Democratizing CUDA Development in the Cloud
What would happen if CUDA development in the cloud suddenly became much less expensive than building your own low end GPU system? And… what if even the development environment could deliver up to 2x the CUDA performance of said home grown rigs?
Last week we announced a technology partnership with Bitfusion, a company in Austin, TX that develops a product called Boost. This technology has multiple use cases, but the initial one enables developers to securely share TITAN X GPUs at tremendously affordable rates. What’s more, this sharing is completely transparent and Nimbix enables Boost as an optional feature of the JARVICE platform. This means code need not be “Boost aware” – any Linux-based CUDA code (that dynamically links to the CUDA runtime libraries) works either with Boost or without it, taking advantage of cost effective development GPUs or high end supercomputing ones, respectively. Developers need not license Bitfusion’s code separately, as part of the partnership allows us to deliver it to you on demand, with nothing to install or maintain. And, unlike with other clouds, you don’t need to manage (and pay for) both a Boost server and client separately, since the server capability is (optionally) “built-in”.
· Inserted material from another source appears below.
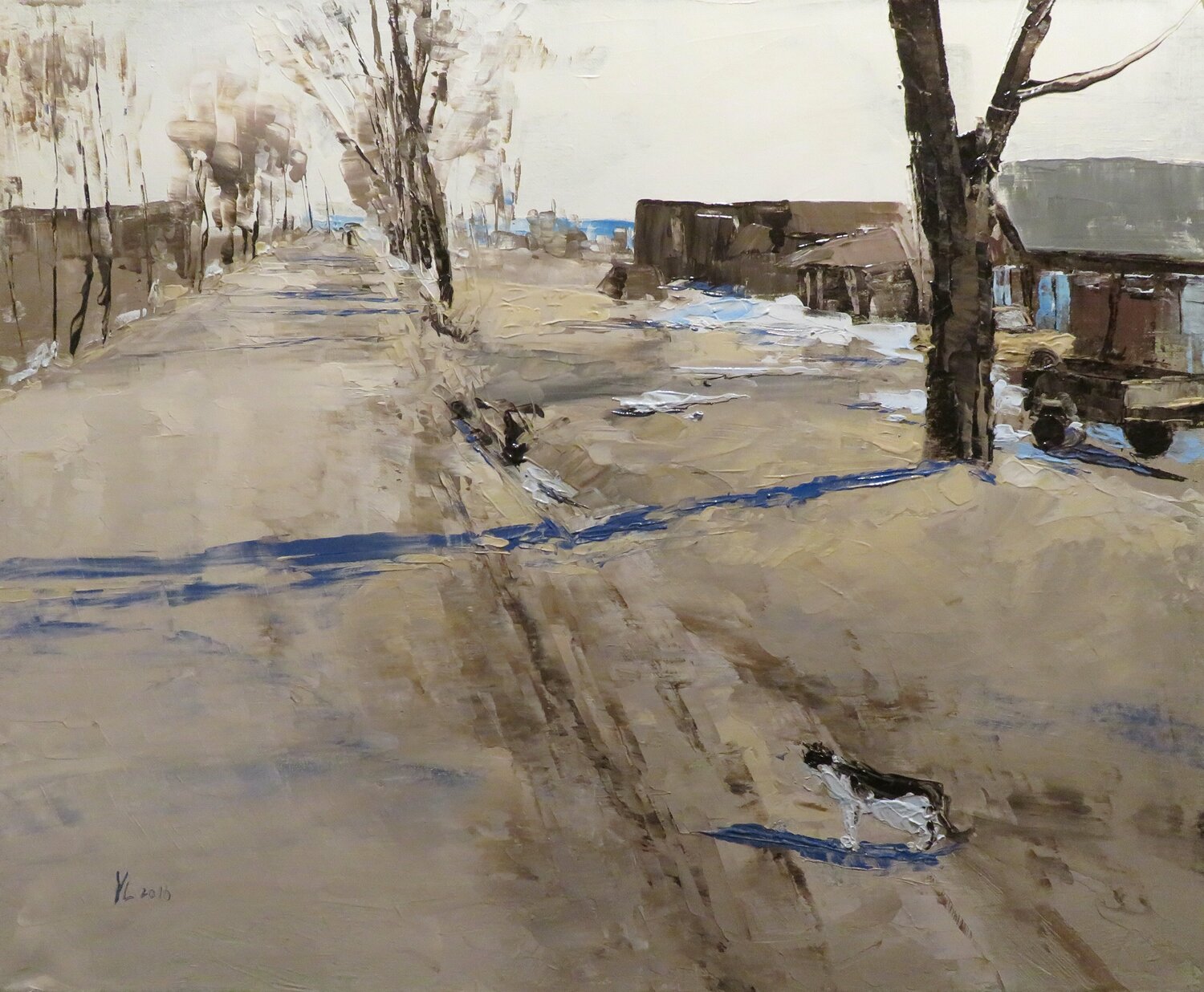 Small village in Rostova Yuanyuan Liu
One low hourly price gives you access to JARVICE and the Boost technology as a feature of the platform. How low? We start at less than $0.50 (fifty cents) per hour. Let’s put that into perspective. If you operate a cloud-based environment for 8 hours per day, 5 days per week, 50 weeks per year (yes, that’s assuming weekends off and 2 weeks of vacation!), that’s less than $1000 per year (or about $83 per month). Building a dual TITAN X system on your own would easily cost you more than double that – the GPUs themselves cost about $1100 each (assuming you can get your hands on one due to limited supply), and you need appropriate power, cooling, storage, an i5 processor, and RAM. The ng0 machine type (available right now on JARVICE) gives you 2 bare-metal Intel Haswell cores, 16 GB of RAM, and 1TB of free cloud storage in addition to CUDA on 2 TITAN X GPUs. When you’re ready to run the code at scale on say, 4 K80s (dual ngd5 machines), you can do that with a point and click web interface or an API call, and you only get charged for the time you use on those higher end systems. You can run the same exact images and code without modifications. Once you validate the results, you can go back to using the more cost effective ng0 machine. We even maintain the latest version of CUDA for you (7.5 at the time of this writing), and continue to deliver the best selection of the latest NVIDIA GPUs. This means that you don’t need to upgrade your home grown system next year when NVIDIA has something better, because your cloud computing partner will simply deliver it automatically. We think the price alone speaks for itself, and when you count the convenience and extra capability of cloud computing with a platform like JARVICE, it becomes a no-brainer.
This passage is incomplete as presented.